- [Aim of the task] Reproduce only this stretch of the listing below: from the line with "LEGO® Icons Uroczy" through the line with "Protector estator motor", exactly as written, with pictures excluded.
The data Start Marker
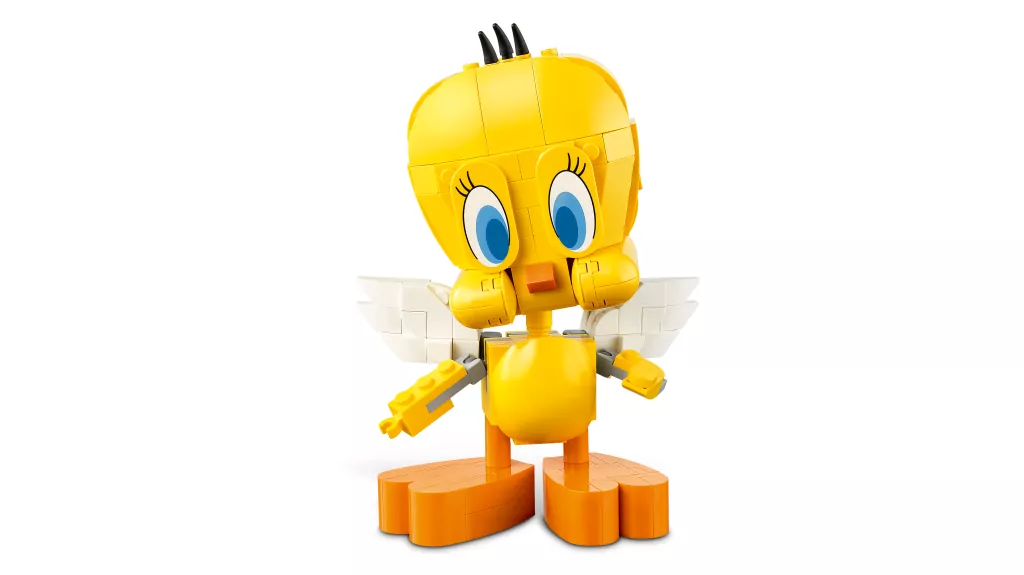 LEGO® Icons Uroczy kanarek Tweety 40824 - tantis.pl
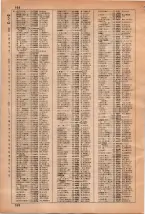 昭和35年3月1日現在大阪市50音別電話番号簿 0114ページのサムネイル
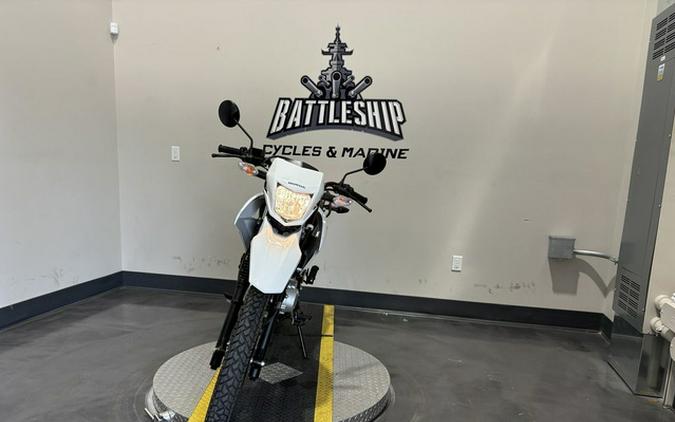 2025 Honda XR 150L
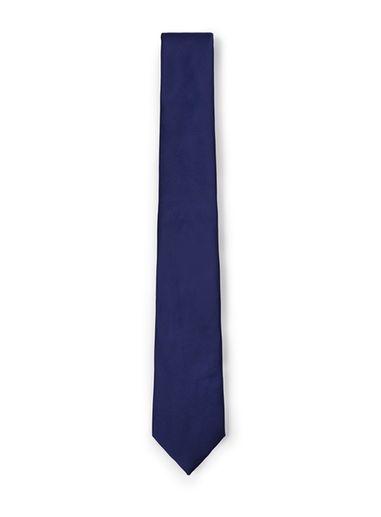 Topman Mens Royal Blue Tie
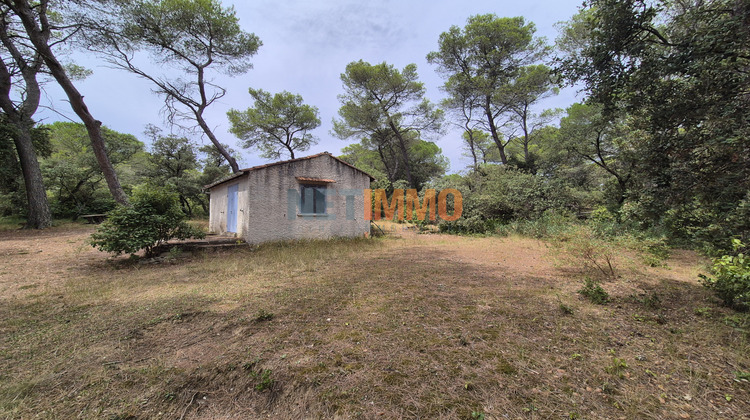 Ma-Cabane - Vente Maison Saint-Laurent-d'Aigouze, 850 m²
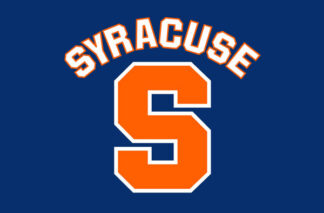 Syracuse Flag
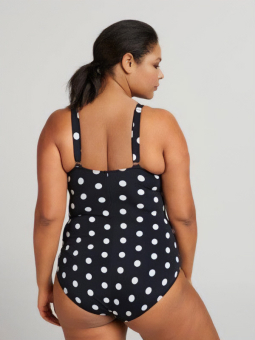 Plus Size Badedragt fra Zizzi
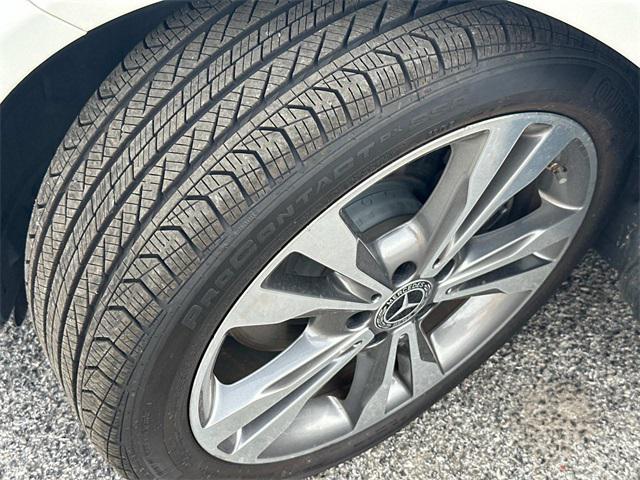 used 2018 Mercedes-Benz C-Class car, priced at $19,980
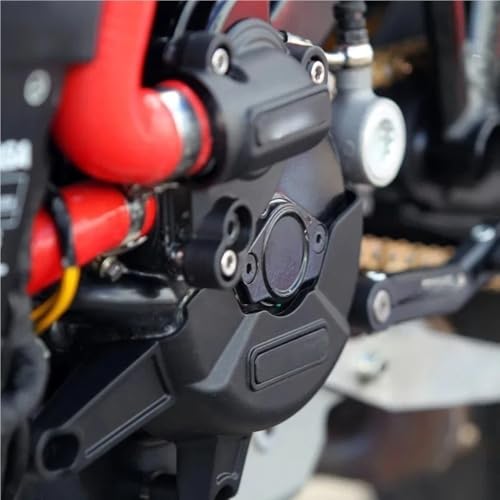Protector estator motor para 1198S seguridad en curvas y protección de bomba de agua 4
The data End Marker
The data Start Marker
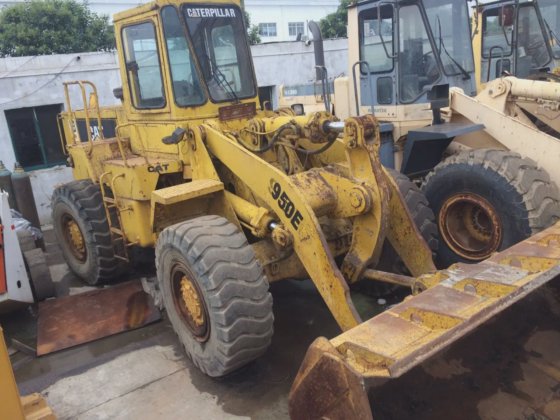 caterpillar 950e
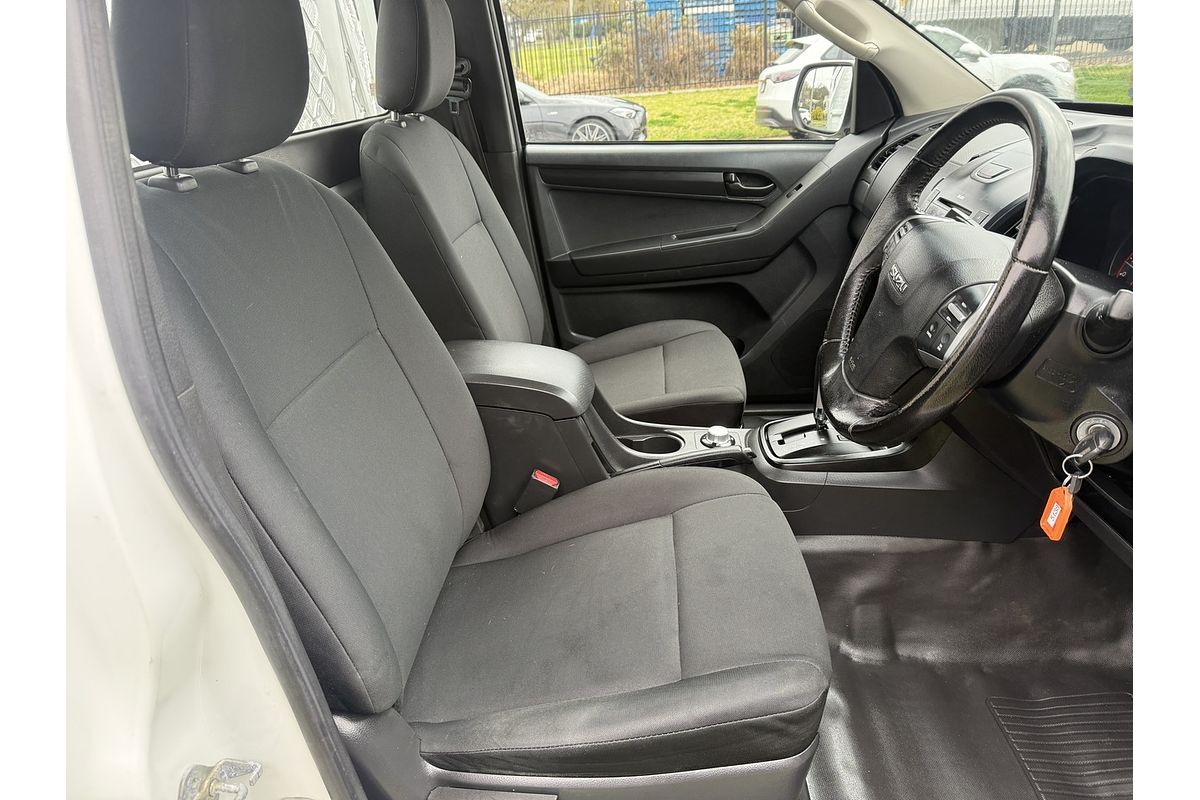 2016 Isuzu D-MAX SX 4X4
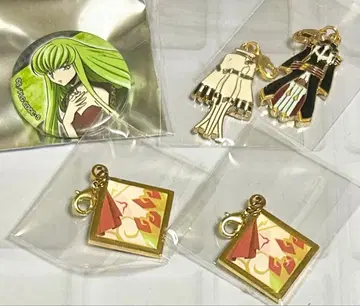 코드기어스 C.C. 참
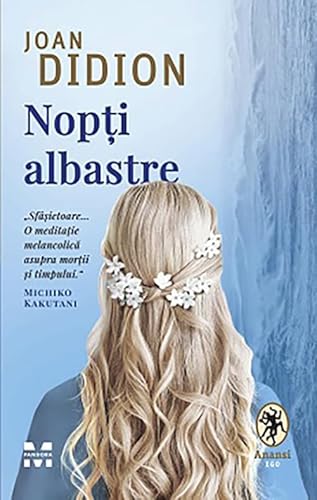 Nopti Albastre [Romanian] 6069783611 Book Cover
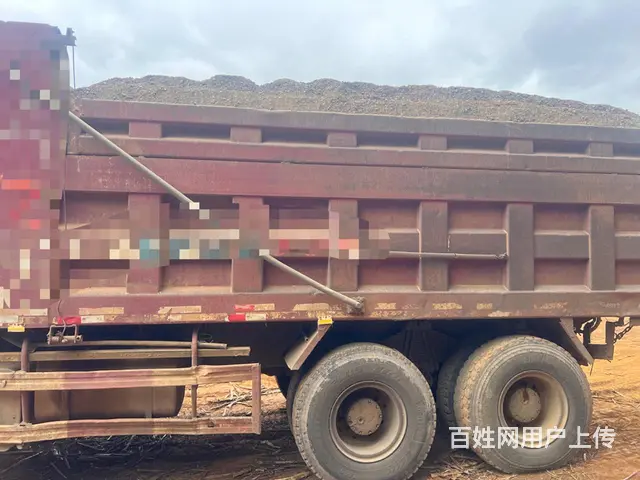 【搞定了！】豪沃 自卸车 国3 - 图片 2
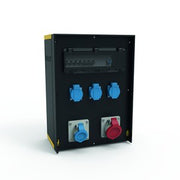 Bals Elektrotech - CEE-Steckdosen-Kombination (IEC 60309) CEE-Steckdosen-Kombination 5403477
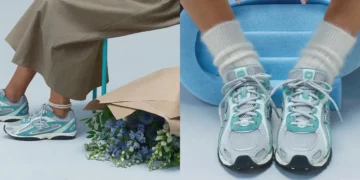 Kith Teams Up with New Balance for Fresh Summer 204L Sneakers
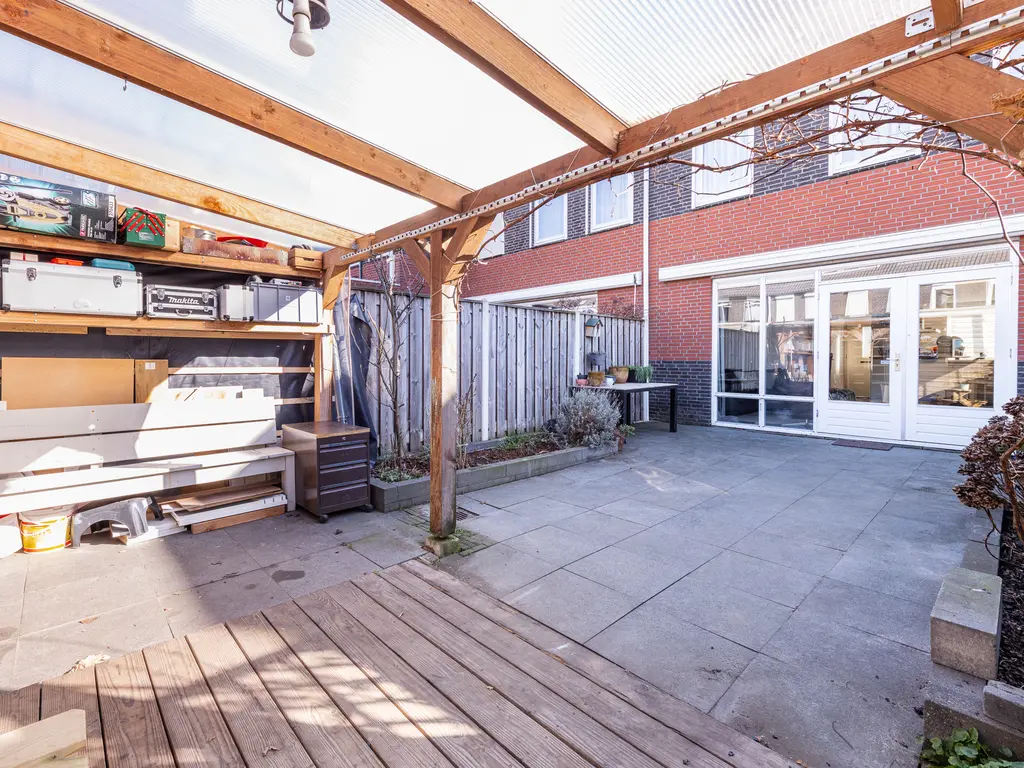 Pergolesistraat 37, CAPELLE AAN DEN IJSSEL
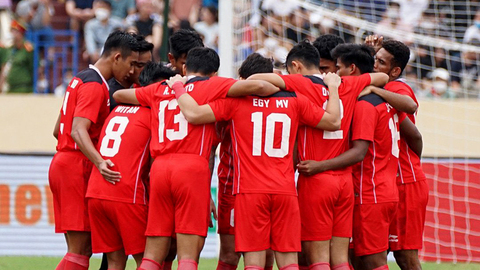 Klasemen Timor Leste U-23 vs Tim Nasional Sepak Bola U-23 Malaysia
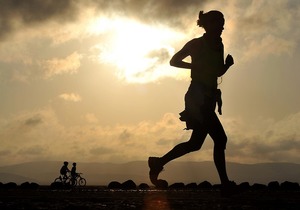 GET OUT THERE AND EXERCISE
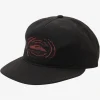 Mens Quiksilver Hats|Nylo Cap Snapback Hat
The data End Marker
The data Start Marker
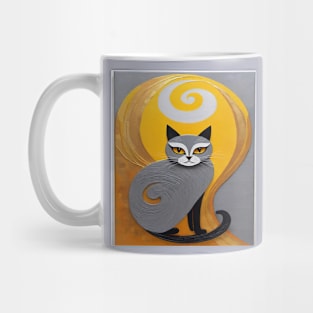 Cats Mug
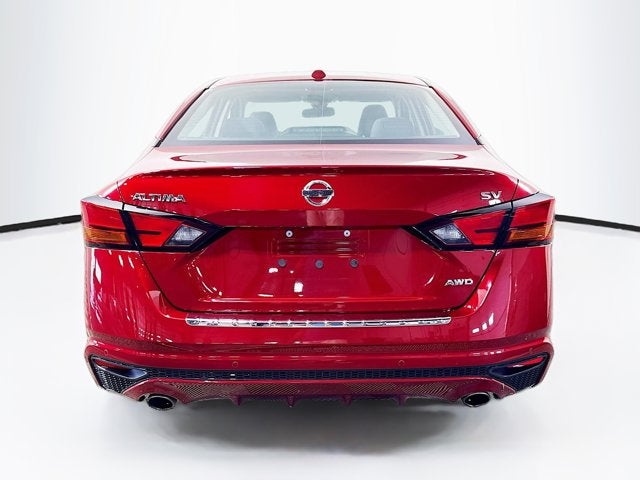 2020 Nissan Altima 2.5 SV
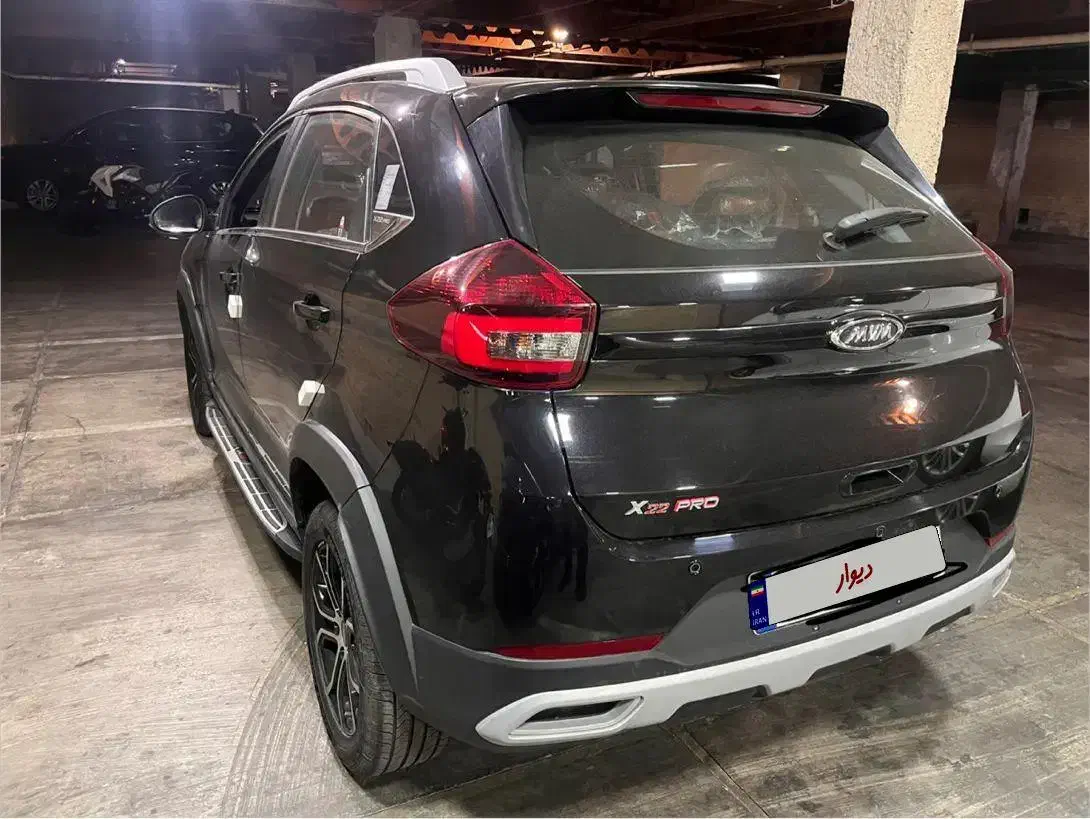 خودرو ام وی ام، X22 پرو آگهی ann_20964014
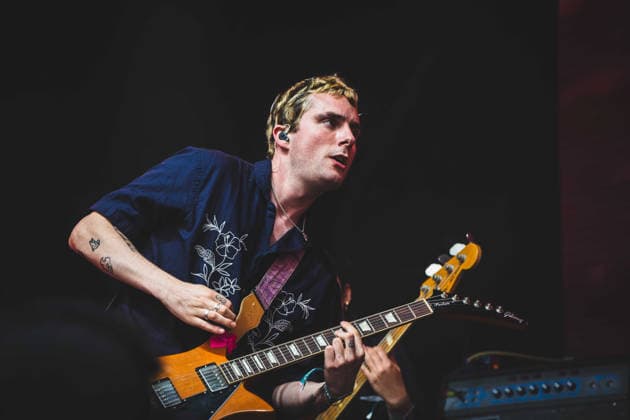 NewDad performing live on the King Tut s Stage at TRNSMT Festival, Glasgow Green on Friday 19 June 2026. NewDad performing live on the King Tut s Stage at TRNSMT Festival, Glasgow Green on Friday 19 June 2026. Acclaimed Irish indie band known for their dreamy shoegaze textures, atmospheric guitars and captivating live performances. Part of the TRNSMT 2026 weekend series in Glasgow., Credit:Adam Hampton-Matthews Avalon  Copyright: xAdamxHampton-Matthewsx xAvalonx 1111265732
The data End Marker
- [Final answer]
 LEGO® Icons Uroczy kanarek Tweety 40824 - tantis.pl
 昭和35年3月1日現在大阪市50音別電話番号簿 0114ページのサムネイル
 2025 Honda XR 150L
 Topman Mens Royal Blue Tie
 Ma-Cabane - Vente Maison Saint-Laurent-d'Aigouze, 850 m²
 Syracuse Flag
 Plus Size Badedragt fra Zizzi
 used 2018 Mercedes-Benz C-Class car, priced at $19,980
Protector estator motor para 1198S seguridad en curvas y protección de bomba de agua 4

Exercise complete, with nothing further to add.